**PROBLEM TO SOLVE:** Leave the pictures aside and copy all the data exactly.

**INFORMATION SUPPLIED:**
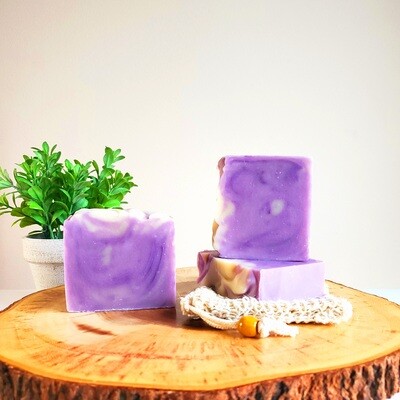 Lavender Artisan Soap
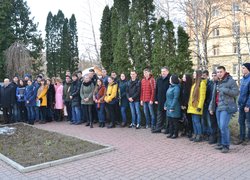 Ми пам’ятаємо подвиг Героїв минулих поколінь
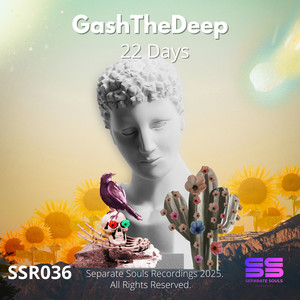 GashTheDeep, Home-Mad Djz & Kiddplugg - 22 Days (Plugged Perspective)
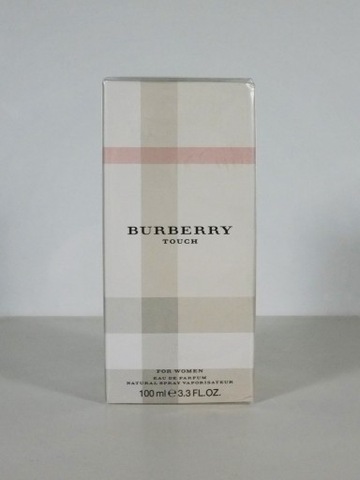 Burberry Touch for Women EDP 100ml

**SOLUTION FOR THIS PROBLEM:**
 Lavender Artisan Soap
 Ми пам’ятаємо подвиг Героїв минулих поколінь
 GashTheDeep, Home-Mad Djz & Kiddplugg - 22 Days (Plugged Perspective)
 Burberry Touch for Women EDP 100ml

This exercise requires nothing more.